Great new review of ShipIndex from Charleston Advisor

I got back from the Charleston Conference last night. I couldn’t stay for the conference, unfortunately, but I did get to attend, and present at, a pre-conference. I didn’t present on ShipIndex (though I did meander aimlessly about it while we were working through some technical difficulties and they needed me to say something – anything! – into the microphone…), but I did get some great ShipIndex news while I was there.

ShipIndex was just reviewed in The Charleston Advisor, a well-known and well-respected source for “Critical Reviews of Web Products for Information Professionals”. The review appears in the October issue, and a copy was distributed to all attendees at the Charleston Conference. ShipIndex got 4-1/2 stars, out of a possible 5, and a very positive review. The summary of the review includes this bit regarding content: “This unique, comprehensive and authoritative database provides a wealth of information about ships. Links to external content pull all of the information about each vessel together in one place. It is a perfect database for vessel research.” Regarding pricing, the reviewer wrote, “The database is so reasonably priced it is ridiculous. You get a lot of information for very little money.”
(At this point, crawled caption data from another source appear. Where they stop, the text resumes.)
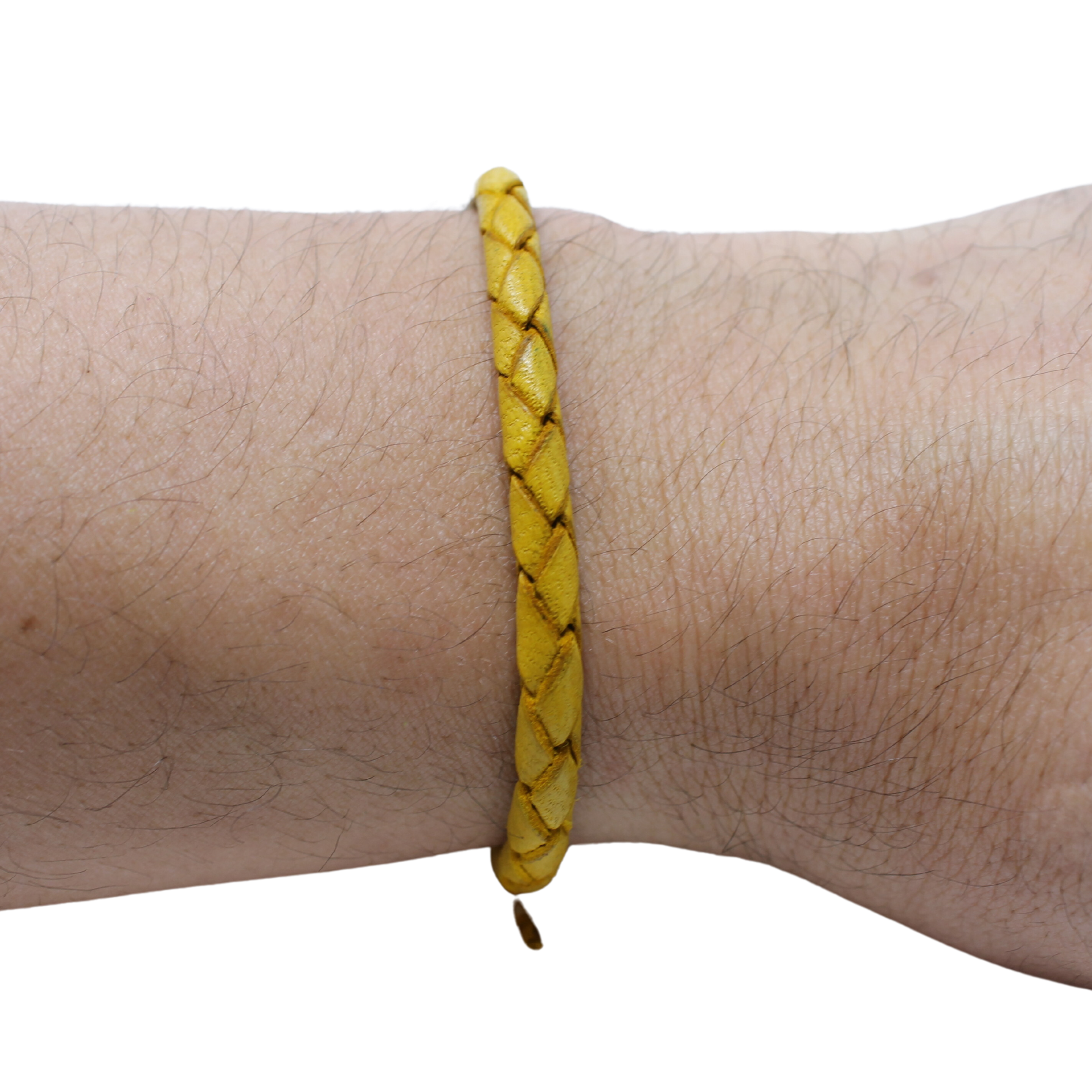 Adjustable twisted artisan leather bracelet jewelry for men and women in yellow on wrist by Artisan stories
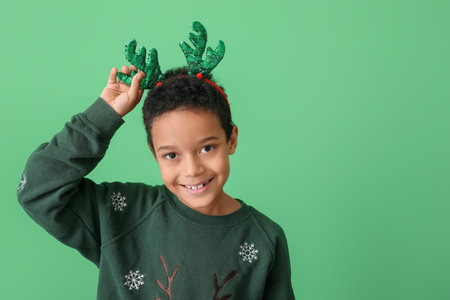 Cute little African-American boy with reindeer horns on color backgroundの写真素材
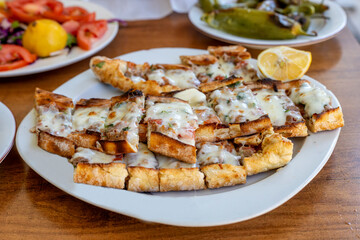 Turkish pita with minced meat and cheddar cheese on a white plate.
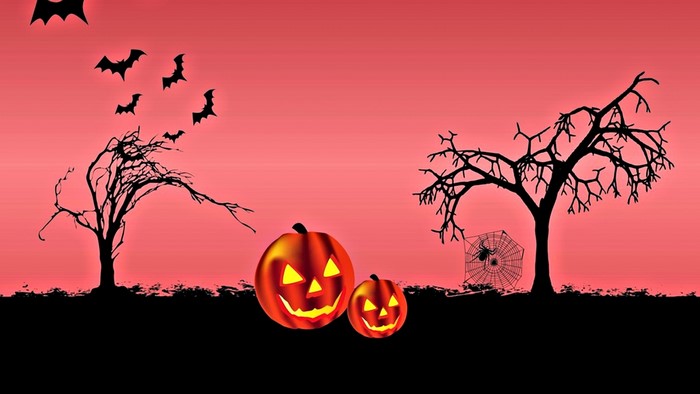 Halloween scene with pumpkins, bats, and spider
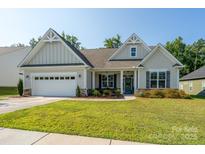 Charming single-Gathering home with a manicured lawn, inviting entrance, and attached two car garage at 2407 Baxter Se Pl, Concord, NC 28025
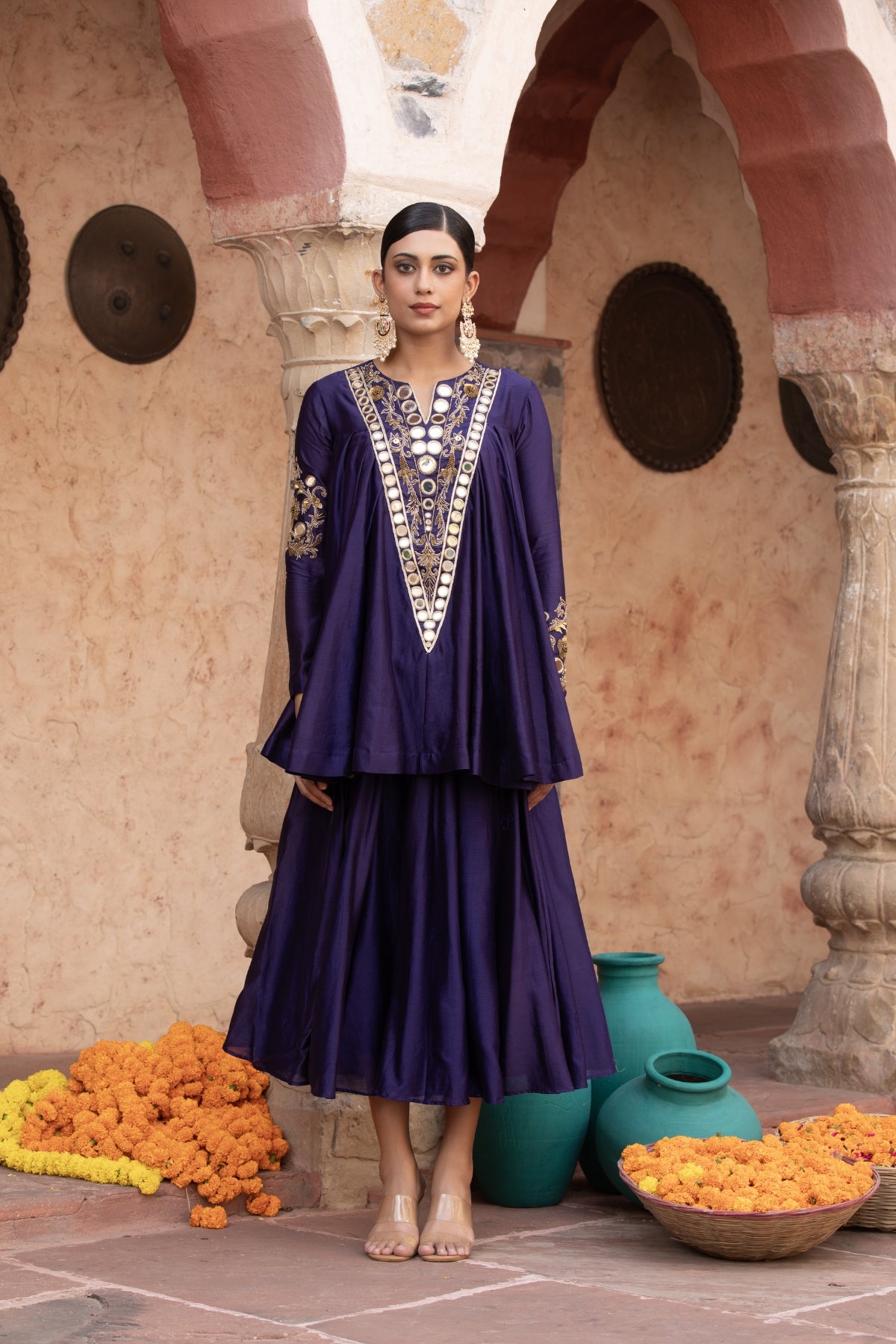 Pure Chanderi silk full-sleeve kalidaar tunic with midi lehenga, intricately hand-embellished with zari and mirror work. Shop Now!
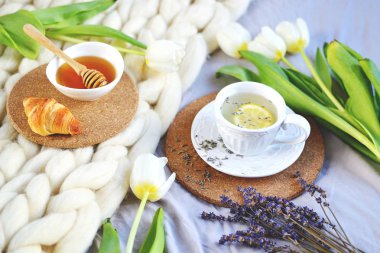 Lavanta çay, narenciye ile fincan ve tatlım, kruvasan, beyaz pastel dev örgü battaniye, yatak odası, çiçek lale, Bahar, kadın gün, sabah kavramı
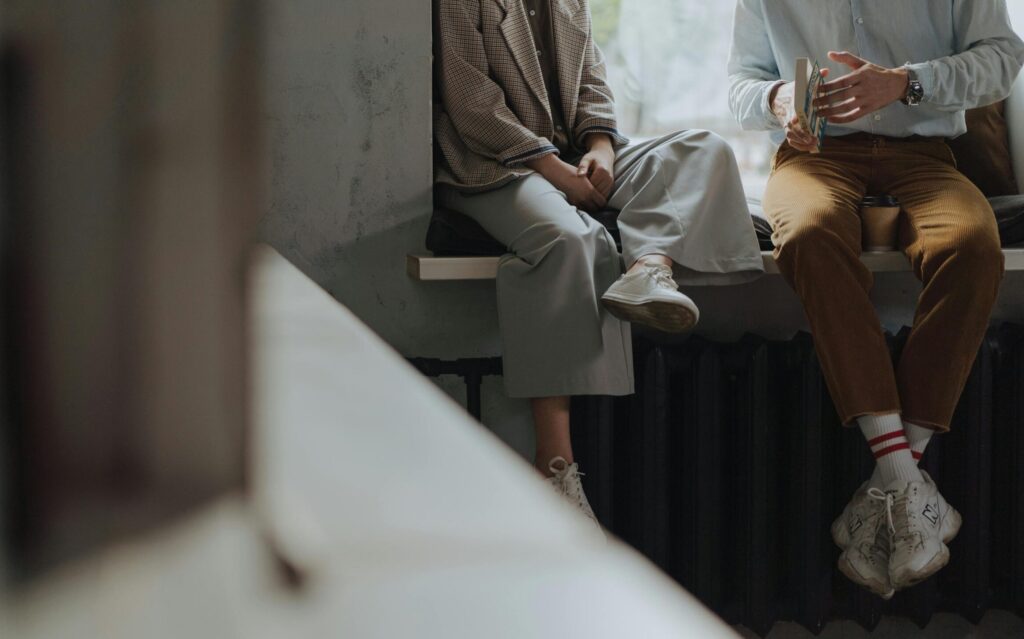 Photo shows two people from the neck down sitting next to each other, slightly facing towards each other. One of them is holing a book.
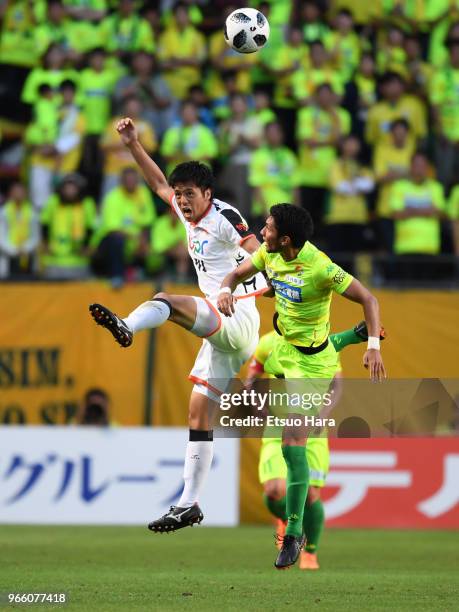 Keita Yamashita of Renofa Yamaguchi and Andrew kumagai of JEF United Chiba compete for the ball during the J.League J2 match between JEF United Chiba...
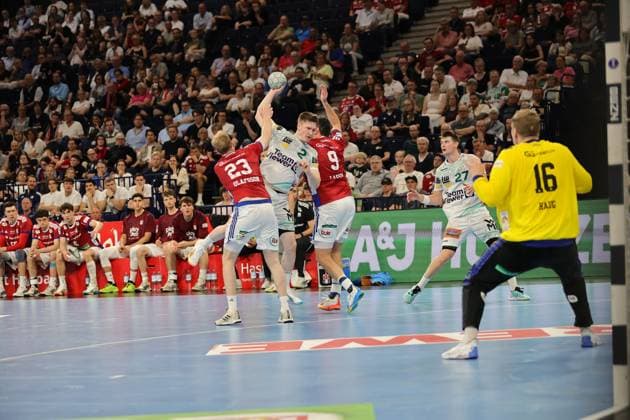 Oskar Neudeck in white Göppingen jersey throws the ball from a raised position against the red Hamburg defenders The Barclays Arena is packed with spectators Oskar Neudeck 2 Frisch Auf Göppingen throwing against HSV Hamburg Copyright: xspeedshotx
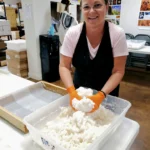 Instructor making a candy board during the Deseret Hive Supply Candy Board Workshop.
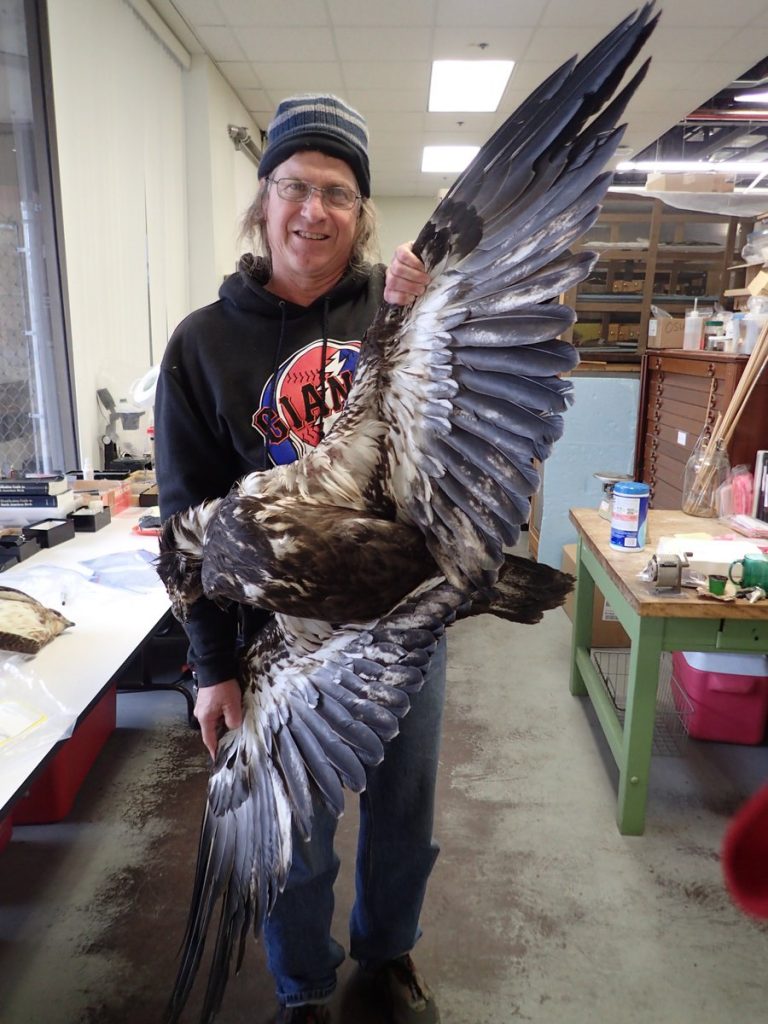 Andrew selfie holding large bird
The full review is available online, but costs a whopping $38. (Of course, the journal itself costs $295 for libraries; $495 for others…) Just trust me – it’s very positive.

To top it all off, Charleston Advisor editors gave ShipIndex the 2011 award for “Best Content“! The citation reads “Everything you ever wanted to know about ships has been aggregated in this one Web site aimed at both researchers and hobbyists. The system is packed with information, has a strong user interface and a visually appealing look. This unique service was created by Peter McCracken, one of the cofounders of Serials Solutions.”

ShipIndex also received a “Recommended” review from Choice this summer (June 2011), which described the site as “a needed research tool for maritime history, [and] useful for academic and special libraries with interested clientele.”

Good feelings all around.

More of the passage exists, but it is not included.